Unfortunately, false cost-benefit estimates have a way of elevating big projects over more cost-efficient, less environmentally disruptive ones. At Oxford, Flyvbjerg directs a program that teaches megaproject managers how to make cost-benefit forecasts more accurate, but accurate budgets alone won’t clarify which projects merit approval. The decision is often as much about social, aesthetic, and even patriotic concerns as about economic ones; the last three skyscrapers to have claimed the title of “world’s tallest,” in Dubai, Taipei, and Kuala Lumpur, were intended, at least in part, to draw attention to their countries’ modernity. The projects suggest the allure of the grand and grandiose, as if their true function were to deliver reassurance that the human arc is upward.

The trouble with megaprojects is that their glitter can conceal the benefits of less imposing alternatives, for big isn’t necessarily best. In 2009, McGinn, a Sierra Club activist with little political experience and modest financial backing, was elected mayor of Seattle.

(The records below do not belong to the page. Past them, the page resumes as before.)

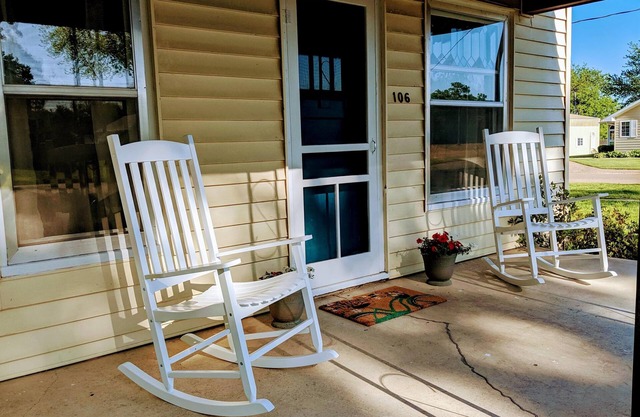 The M Guest House in Red Cloud - Cute & Charming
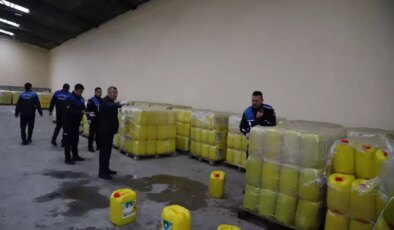 Ayçiçek yağlarına su karıştırmışlar! Tam 3 bin 650 bidon ele geçirildi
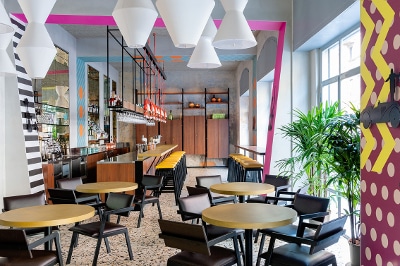 Tra gli ingredienti di Spica, i wallcovering Vescom +Print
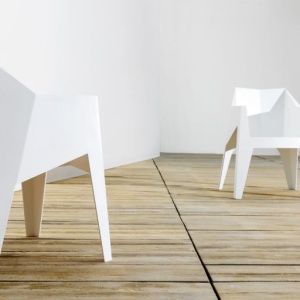 Set de 4 Scaune cu brate ultra-moderne de exterior / interior design premium VOXEL ARMCHAIR 51031 Vondom - Img 6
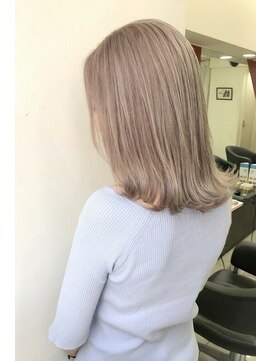 リア 大阪梅田(Ria) ～ハイトーンエモージュ～【Ria 大阪 梅田】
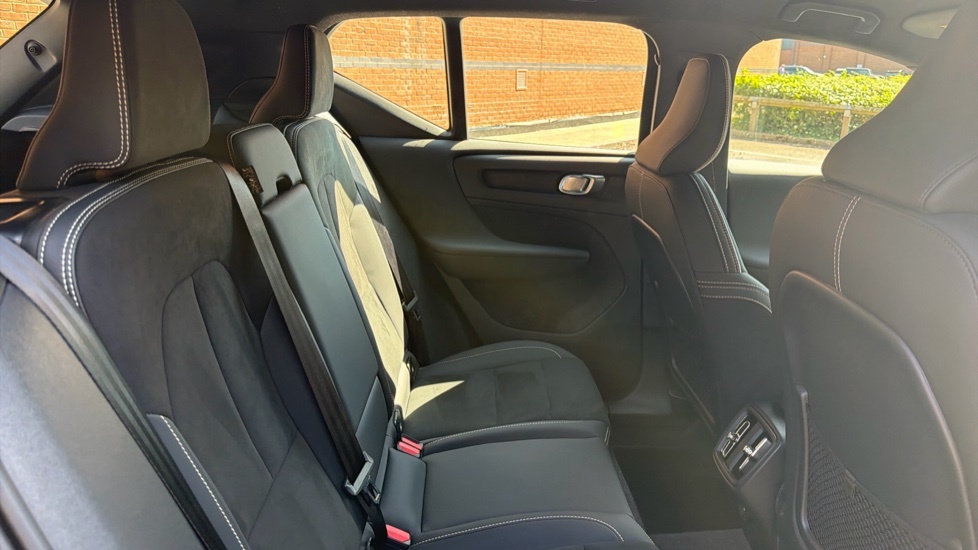 Volvo XC40 Plus Black #6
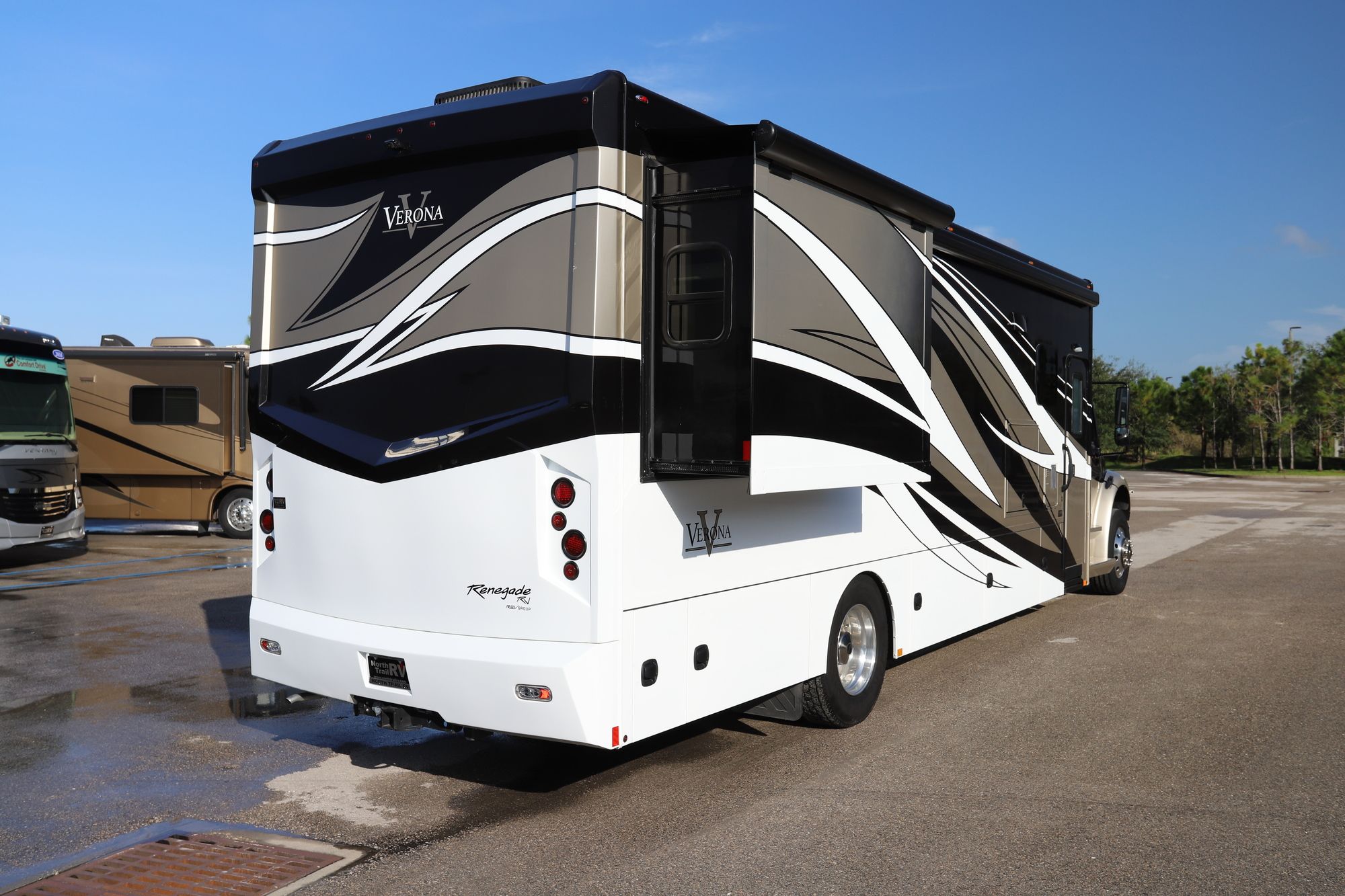 Used 2019 Renegade Rv Verona 36VSB Super C  For Sale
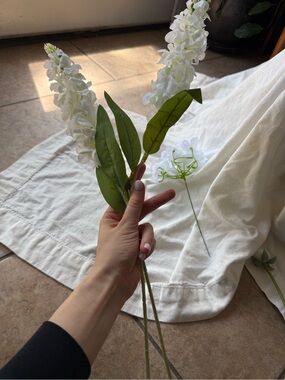 Wedding Supplies - White Table Cloth, Faux Florals, Floral Foam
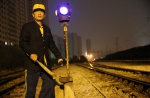 今夜零点·春运铁路人:长江北 汉江南 汉阳车站人未眠 - 武汉铁路局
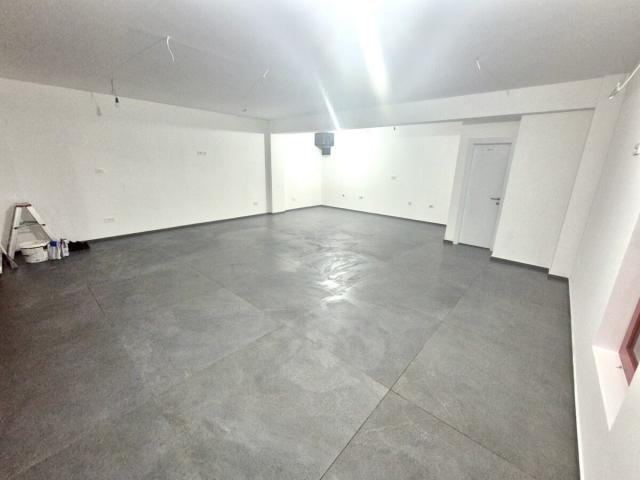 Poslovni prostor, 54m2, Momisici, PRODAJA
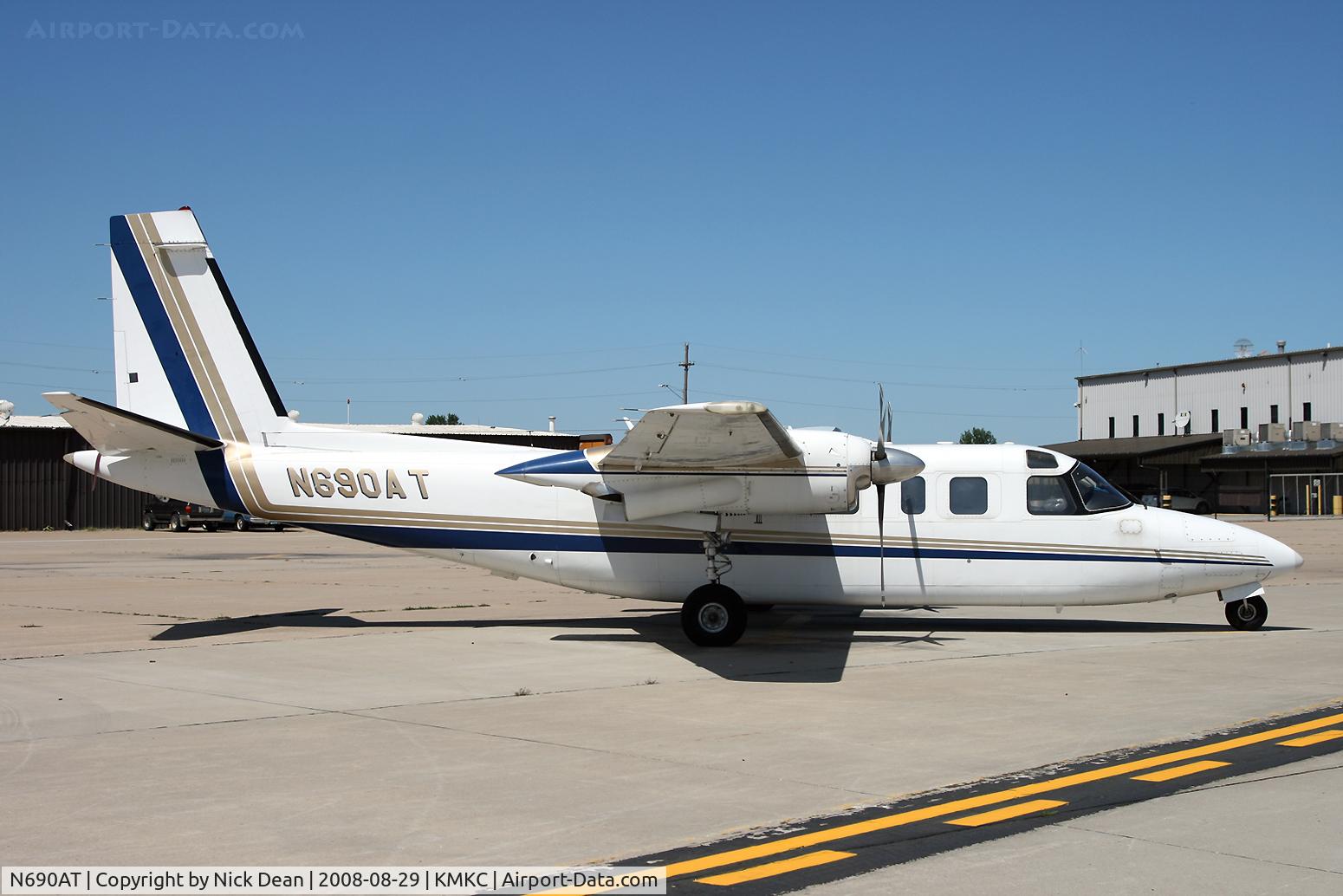N690AT, 1974 Rockwell International 690A Turbo Commander C/N 11202, /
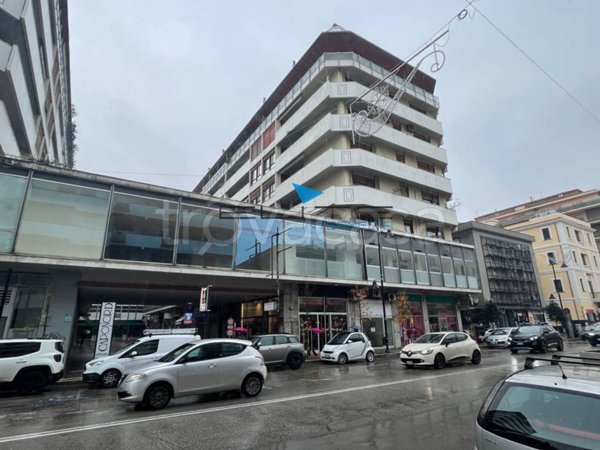 ufficio in vendita a Pescara in zona Centro Città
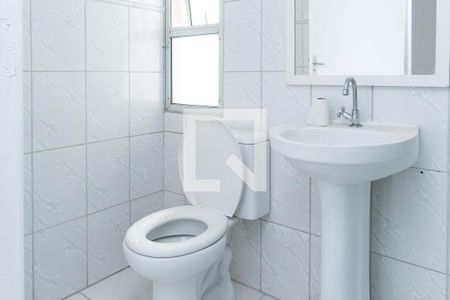 Banheiro de apartamento para alugar com 3 quartos, 60m² em Jardim Flor da Montanha, Guarulhos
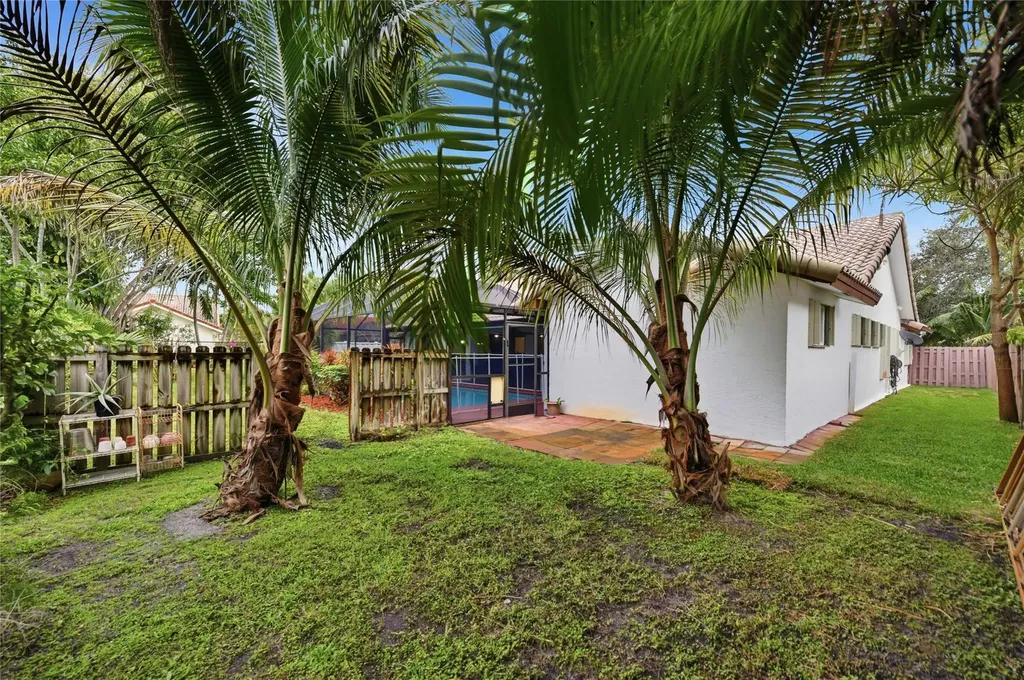 10949 NW 1st Manor Coral Springs FL 33071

He had campaigned against the tunnel, arguing for a cheaper​ option: a plan, already found feasible by an advisory council of city and state stakeholders, to develop the city’s light rail, expand bus service, and repair and reorganize streets. Pro-tunnel forces—including Washington State’s Democratic Governor, Christine Gregoire; Greg Nickels, McGinn’s predecessor as mayor; construction unions; and the Greater Seattle Chamber of Commerce—painted McGinn as an obstructionist, eventually winning unanimous approval from the City Council for the tunnel. In 2013, McGinn lost his bid for reëlection, but his opposition looks more prescient with each new crack that appears in the buildings above Bertha.